The review would be incomplete without acknowledging cinematographer Nirav Shah's contribution. Not only are the stunning locales of Banaras beautifully captured on celluloid, even the texture of the film is of international quality. Himesh Reshammiya's music is okay, although the background score [Surender Sodhi] is far more effective. Dialogues [Javed Siddiqui] are natural and seem straight out of life.

Urmila has already evolved into a fine actor and BANARAS - A MYSTIC LOVE STORY only cements her status further. Watch her in sequences when she gets to know that Ashmit has been murdered or towards the finale, when she returns to her dying father, and you'd agree that only an accomplished actor could've portrayed the part so proficiently.

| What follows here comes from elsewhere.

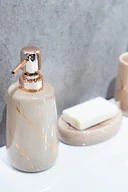 Akcesoria łazienkowe - Dozownik na mydło w płynie Diese 1745 - miniaturka - grafika 1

Ashmit Patel is a revelation. The youngster, who didn't make much headway as an actor in his earlier films, gets to prove his mettle in this film and he impresses tremendously.

Raj Babbar and Dimple Kapadia excel yet again. Babbar is competent all through, while Kapadia is outstanding in the climax when she reveals the truth. Naseeruddin Shah is first-rate. Akash Khurana is highly competent. Arif Zakaria [cop], Rajiv Mishra [Maha Maya], Javed Khan, Om Katare and Perveez leave an impression as well.

On the whole, BANARAS - A MYSTIC LOVE STORY is a sensitively handled story that will earn immense praise from connoisseurs of meaningful cinema. But the film has very little to offer to the masses, which in turn will reflect in its overall business. A strong word of mouth from the gentry/elite should help its business at select multiplexes.